JohnDoee / autotorrent2

Cross-seed matching and torrent lifecycle tool
https://johndoee.github.io/autotorrent2/
MIT License
151 stars 12 forks source link

Improve scan performance and correctness with a prefix tree #41

Closed kannibalox closed 7 months ago

kannibalox commented 1 year ago

This speeds up scanning by building an in-memory prefix tree, then generating a single iterable that uses executemany to insert all the rows in a single transaction. The results aren't too noticeable on smaller sets, but makes larger sets dramatically faster.

A side effect of this is that entries that may have previously been missed under an unsplittable root are now correctly marked as such.

For some rough performance testing, I used two real file sets: a small one (18k files) and large one (500k), and measured the wall time of the run and the max RSS usage via time -v. The find command mentioned below is find <directory> -depth -type f -printf %s:%p\\n>/dev/null, to provide a reference for the "ideal" baseline. All scans were run three times and only the best values were picked, to account for caching.

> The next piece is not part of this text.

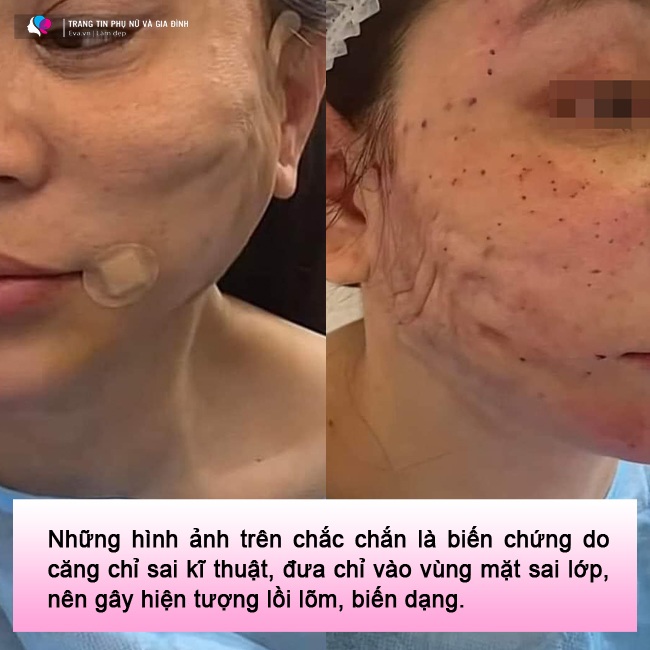 amp;#34;Lạnh gáyamp;#34; những pha cấy chỉ căng da của chị em trung niên, đẹp chưa thấy, ngắm đã xót - 10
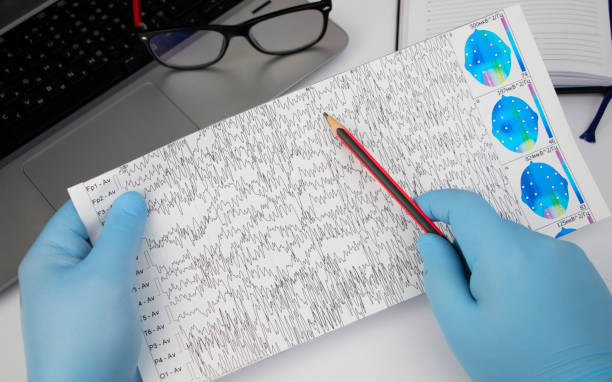 a neurologist examines an encephalogram of a patient’s brain. schedule of electroencephalograms - study of brain currents for signs of epilepsy and pathologies of the nervous system - pulse trace computer monitor eeg equipment imagens e fotografias de stock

branch time (small) time (large) max RSS (small) max RSS (large)
find 0m 0.06s 0m 1.85s N/A N/A
master 0m 1.30s 7m 45.35s 151 MiB 1217 MiB
scan-performance 0m 1.15s 0m 30.29s 158 MiB 741 MiB
newadventure079 commented 1 year ago

@JohnDoee Can we get this merged soon?

awinnpii commented 9 months ago

@kannibalox I've implemented this and #45 locally and it's working great!